Clearly, such an initiative should be applauded, especially given the US track record vis-a-vis genocides and mass atrocities. I suspect that Samantha Power is having an influence on the president, given that her book, a well-written and researched playback of how the US has time and again turned its head during times of international crisis, is a must-read on the subject of US non-intervention. Situations like Bosnia and Rwanda are the obvious ones in recent history, but the calamity in Cambodia following on the heels of the Vietnam conflict is also top of mind, and one cannot neglect mentioning the Holocaust, when it was known by the West what Hitler had in store for European Jewry early enough where some action could have been taken to prevent the number murdered to reach 6 million. It's known today that the intervention in Kosovo was done to prevent a possible genocide, as Milosevic was determined to create a pure Greater Serbia, whereby he was going to cleanse the former autonomous province of its Albanian population.

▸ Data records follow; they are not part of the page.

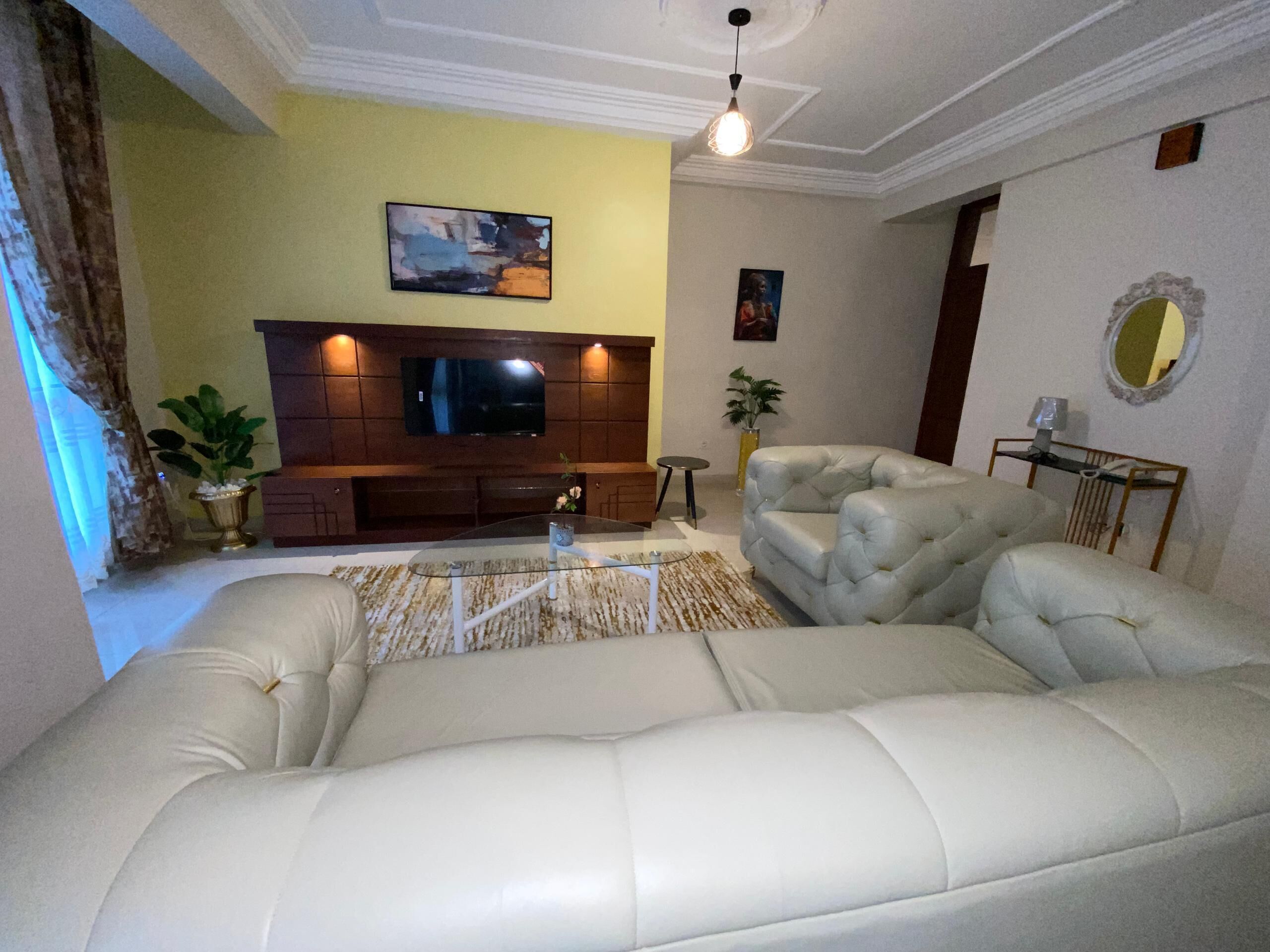 A living room with a large L-shaped sectional sofa, a flat-screen TV on a wooden entertainment unit, and a decorative mirror on the wall.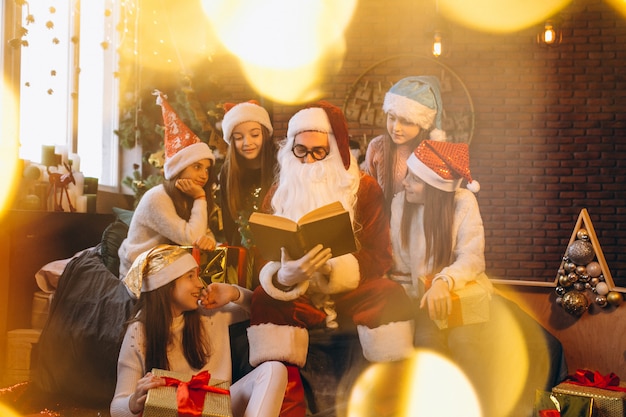 Санта-Клаус читает книгу группе детей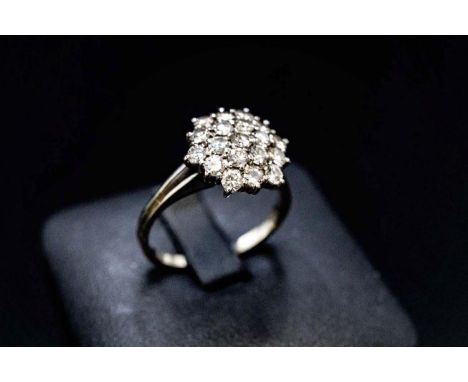 AN 18CT WHITE GOLD DIAMOND CLUSTER RING, the setting with nineteen round brilliant cut diamonds, with a total weight of appro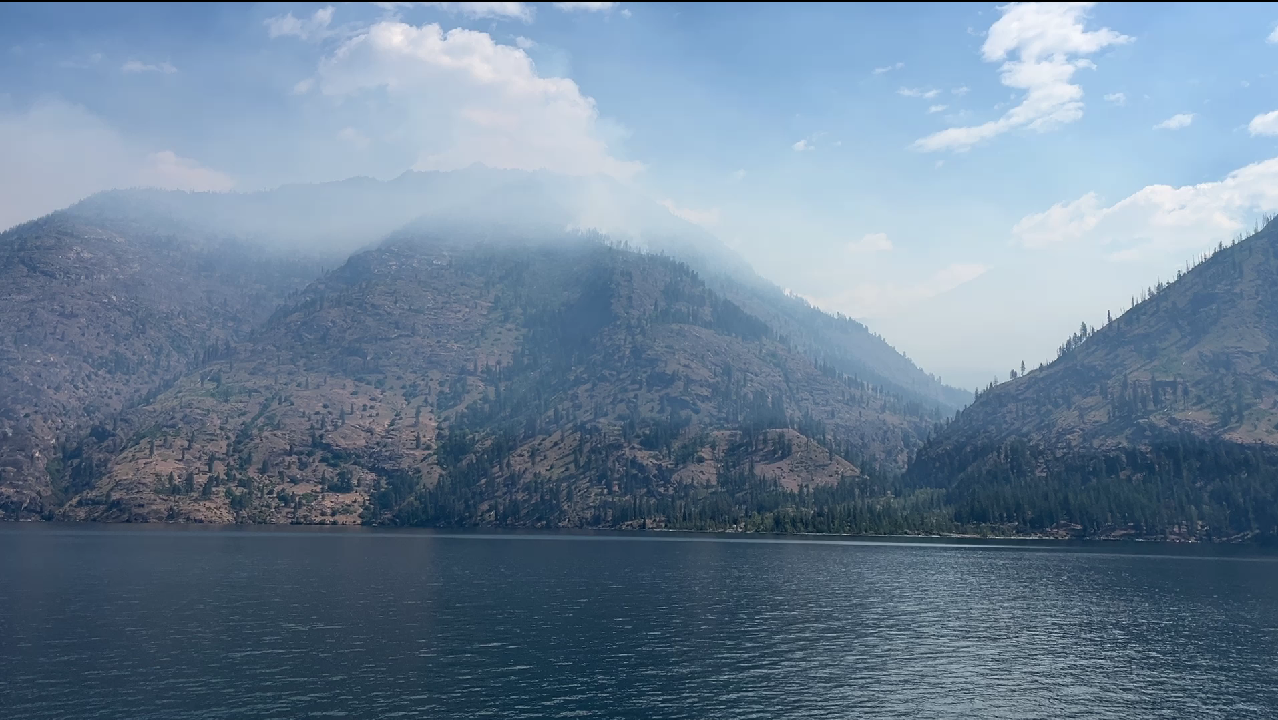 Pioneer Fire from Lady Express Ferry 6-21-24, showing smoke over the north shore of Lake Chelan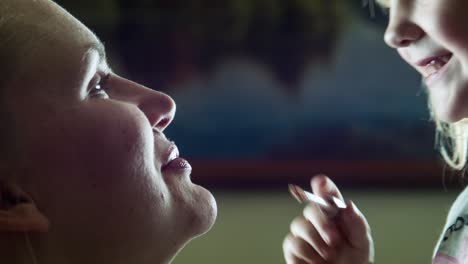 daughter applying lipstick to mother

This directive puts the wrongs committed by the US on the table in the past and seeks to create a new framework from which the US will operate under should there be, or perhaps when there will be, the next opportunity to prevent massive crimes against humanity. It adds two key elements to the discussion, the first ensures that the US "does not become a safe haven for human rights violators or those responsible for other atrocities....such as participants in genocide, torture, extra-judicial killings or certain violations of religious freedom." The second element acts as a deterrent for groups wishing to carry out a crime by shaming them before the actual act were to take place.

With regards to the first element, watching current events one will see that the US has been fairly proactive in deporting former Nazi soldiers, with the most notable one coming in 2009 when John Demjanjuk was sent to Germany and has since been convicted of killing some 28,000 Jews at Sobibor. And I believe the US has acted on Hutu Rwandans who have sought safe haven here, with one seemingly coming to mind who was living in Texas over the past 2 or 3 years. So this directive puts in place, at least in theory, a mechanism that keeps these people from entering the US in the first place after the crime was committed.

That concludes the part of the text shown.